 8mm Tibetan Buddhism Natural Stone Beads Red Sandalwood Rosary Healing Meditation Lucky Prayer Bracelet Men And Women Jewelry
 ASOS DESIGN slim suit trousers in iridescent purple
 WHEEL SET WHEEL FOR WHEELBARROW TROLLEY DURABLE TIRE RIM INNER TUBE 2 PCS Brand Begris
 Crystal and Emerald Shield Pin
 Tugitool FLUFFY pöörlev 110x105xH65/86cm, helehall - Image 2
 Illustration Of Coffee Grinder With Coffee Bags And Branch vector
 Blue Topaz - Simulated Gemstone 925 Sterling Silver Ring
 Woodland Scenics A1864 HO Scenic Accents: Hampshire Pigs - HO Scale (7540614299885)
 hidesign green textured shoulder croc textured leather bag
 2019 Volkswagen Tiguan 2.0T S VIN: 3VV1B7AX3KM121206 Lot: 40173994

Exercise requirements =>
Repeat exactly the lines from the line containing "Woodland Scenics A1864" through the end of the listing above; both boundary lines are part of the output.

Solution for this exercise =>
 Woodland Scenics A1864 HO Scenic Accents: Hampshire Pigs - HO Scale (7540614299885)
 hidesign green textured shoulder croc textured leather bag
 2019 Volkswagen Tiguan 2.0T S VIN: 3VV1B7AX3KM121206 Lot: 40173994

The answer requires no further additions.